Full coverage example
In this example, the response fully reflects the key terms from the input. All required keywords are present, resulting in complete coverage with no omissions.
import { createKeywordCoverageScorer } from "@mastra/evals/scorers/code";
const scorer = createKeywordCoverageScorer();
const input = 'JavaScript frameworks like React and Vue';
const output = 'Popular JavaScript frameworks include React and Vue for web development';
const result = await scorer.run({
input: [{ role: 'user', content: input }],
output: { role: 'assistant', text: output },
});
console.log('Score:', result.score);
console.log('AnalyzeStepResult:', result.analyzeStepResult);
Full coverage output
A score of 1 indicates that all expected keywords were found in the response. The analyzeStepResult
field confirms that the number of matched keywords equals the total number extracted from the input.
{
score: 1,
analyzeStepResult: {
totalKeywords: 4,
matchedKeywords: 4
}
}
Partial coverage example
In this example, the response includes some, but not all, of the important keywords from the input. The score reflects partial coverage, with key terms either missing or only partially matched.
import { createKeywordCoverageScorer } from "@mastra/evals/scorers/code";
const scorer = createKeywordCoverageScorer();
const input = 'TypeScript offers interfaces, generics, and type inference';
const output = 'TypeScript provides type inference and some advanced features';
const result = await scorer.run({
input: [{ role: 'user', content: input }],
output: { role: 'assistant', text: output },
});
console.log('Score:', result.score);
console.log('AnalyzeStepResult:', result.analyzeStepResult);
Partial coverage output
A score of 0.5 indicates that only half of the expected keywords were found in the response.
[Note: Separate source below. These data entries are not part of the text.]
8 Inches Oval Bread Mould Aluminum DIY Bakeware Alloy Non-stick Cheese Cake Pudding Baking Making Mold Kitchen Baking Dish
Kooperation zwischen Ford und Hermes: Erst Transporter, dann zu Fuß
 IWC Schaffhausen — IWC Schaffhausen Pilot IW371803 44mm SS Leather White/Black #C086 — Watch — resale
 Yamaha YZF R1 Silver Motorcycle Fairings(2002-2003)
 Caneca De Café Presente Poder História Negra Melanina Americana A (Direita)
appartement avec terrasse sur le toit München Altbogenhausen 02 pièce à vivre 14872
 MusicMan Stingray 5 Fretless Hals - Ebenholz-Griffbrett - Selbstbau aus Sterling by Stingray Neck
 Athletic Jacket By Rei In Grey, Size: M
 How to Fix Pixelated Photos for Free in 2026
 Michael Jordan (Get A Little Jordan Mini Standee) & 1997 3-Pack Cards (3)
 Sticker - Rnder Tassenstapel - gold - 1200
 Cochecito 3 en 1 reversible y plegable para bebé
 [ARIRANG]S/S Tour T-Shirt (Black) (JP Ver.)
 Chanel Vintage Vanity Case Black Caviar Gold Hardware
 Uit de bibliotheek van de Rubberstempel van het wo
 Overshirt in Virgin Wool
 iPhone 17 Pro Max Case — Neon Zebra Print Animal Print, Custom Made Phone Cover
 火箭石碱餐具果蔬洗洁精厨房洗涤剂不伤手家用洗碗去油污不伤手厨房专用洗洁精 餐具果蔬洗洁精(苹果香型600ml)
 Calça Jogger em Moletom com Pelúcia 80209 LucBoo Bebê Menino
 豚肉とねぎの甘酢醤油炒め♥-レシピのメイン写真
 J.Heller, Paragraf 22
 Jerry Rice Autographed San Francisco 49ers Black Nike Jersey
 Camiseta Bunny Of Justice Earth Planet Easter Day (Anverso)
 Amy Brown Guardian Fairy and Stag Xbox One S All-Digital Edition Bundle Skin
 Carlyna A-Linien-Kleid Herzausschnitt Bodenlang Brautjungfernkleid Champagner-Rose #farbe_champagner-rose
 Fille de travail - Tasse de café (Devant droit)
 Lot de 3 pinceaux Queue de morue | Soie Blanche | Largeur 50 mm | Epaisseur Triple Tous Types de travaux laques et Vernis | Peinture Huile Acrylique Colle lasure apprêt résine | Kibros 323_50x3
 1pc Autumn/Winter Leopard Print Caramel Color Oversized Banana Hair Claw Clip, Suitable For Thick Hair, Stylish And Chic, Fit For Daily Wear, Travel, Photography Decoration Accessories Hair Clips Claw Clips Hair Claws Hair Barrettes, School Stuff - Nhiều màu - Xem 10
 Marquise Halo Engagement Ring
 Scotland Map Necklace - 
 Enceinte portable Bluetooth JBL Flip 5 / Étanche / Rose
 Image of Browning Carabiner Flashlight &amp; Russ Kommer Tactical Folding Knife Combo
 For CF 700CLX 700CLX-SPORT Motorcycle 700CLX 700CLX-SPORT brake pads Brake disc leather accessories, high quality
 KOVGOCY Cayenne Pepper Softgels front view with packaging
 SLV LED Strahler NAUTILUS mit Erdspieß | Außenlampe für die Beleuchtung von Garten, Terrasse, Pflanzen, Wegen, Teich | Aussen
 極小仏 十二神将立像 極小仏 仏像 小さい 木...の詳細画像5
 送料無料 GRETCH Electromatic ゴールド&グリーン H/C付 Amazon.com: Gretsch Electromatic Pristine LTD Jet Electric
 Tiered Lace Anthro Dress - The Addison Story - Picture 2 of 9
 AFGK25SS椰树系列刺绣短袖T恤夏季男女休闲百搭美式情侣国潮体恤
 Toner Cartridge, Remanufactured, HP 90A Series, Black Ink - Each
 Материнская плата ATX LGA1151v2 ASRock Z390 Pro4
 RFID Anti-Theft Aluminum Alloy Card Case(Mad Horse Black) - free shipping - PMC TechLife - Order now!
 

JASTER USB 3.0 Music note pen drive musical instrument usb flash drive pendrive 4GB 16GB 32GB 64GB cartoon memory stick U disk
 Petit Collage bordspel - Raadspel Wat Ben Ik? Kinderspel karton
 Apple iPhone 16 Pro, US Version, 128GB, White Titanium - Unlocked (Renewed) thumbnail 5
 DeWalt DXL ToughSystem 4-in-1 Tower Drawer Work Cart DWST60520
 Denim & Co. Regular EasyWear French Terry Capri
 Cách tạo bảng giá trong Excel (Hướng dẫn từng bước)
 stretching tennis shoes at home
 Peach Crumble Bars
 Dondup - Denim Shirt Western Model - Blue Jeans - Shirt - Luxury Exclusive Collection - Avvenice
The analyzeStepResult
field shows how many terms were matched compared to the total identified in the input.
{
score: 0.5,
analyzeStepResult: {
totalKeywords: 6,
matchedKeywords: 3
}
}
Minimal coverage example
In this example, the response includes very few of the important keywords from the input. The score reflects minimal coverage, with most key terms missing or unaccounted for.
import { createKeywordCoverageScorer } from "@mastra/evals/scorers/code";
const scorer = createKeywordCoverageScorer();
const input = 'Machine learning models require data preprocessing, feature engineering, and hyperparameter tuning';
const output = 'Data preparation is important for models';
const result = await scorer.run({
input: [{ role: 'user', content: input }],
output: { role: 'assistant', text: output },
});
console.log('Score:', result.score);
console.log('AnalyzeStepResult:', result.analyzeStepResult);
Minimal coverage output
A low score indicates that only a small number of the expected keywords were present in the response. The analyzeStepResult
field highlights the gap between total and matched keywords, signaling insufficient coverage.
{
score: 0.2,
analyzeStepResult: {
totalKeywords: 10,
matchedKeywords: 2
}
}
Metric configuration
You can create a KeywordCoverageMetric
instance with default settings. No additional configuration is required.
const metric = new KeywordCoverageMetric();
See KeywordCoverageScorer for a full list of configuration options.
Understanding the results
.run()
returns a result in the following shape:
{
runId: string,
extractStepResult: {
referenceKeywords: Set<string>,
responseKeywords: Set<string>
},
analyzeStepResult: {
totalKeywords: number,
matchedKeywords: number
},
score: number
}
score
A coverage score between 0 and 1:
- 1.0: Complete coverage – all keywords present.
- 0.7–0.9: High coverage – most keywords included.
- 0.4–0.6: Partial coverage – some keywords present.
- 0.1–0.3: Low coverage – few keywords matched.
- 0.0: No coverage – no keywords found.
runId
The unique identifier for this scorer run.
extractStepResult
Object with extracted keywords:
- referenceKeywords: Set of keywords extracted from the input.
- responseKeywords: Set of keywords extracted from the output.
analyzeStepResult
Object with keyword coverage statistics:
- totalKeywords: The number of keywords expected (from the input).
- matchedKeywords: The number of keywords found in the response.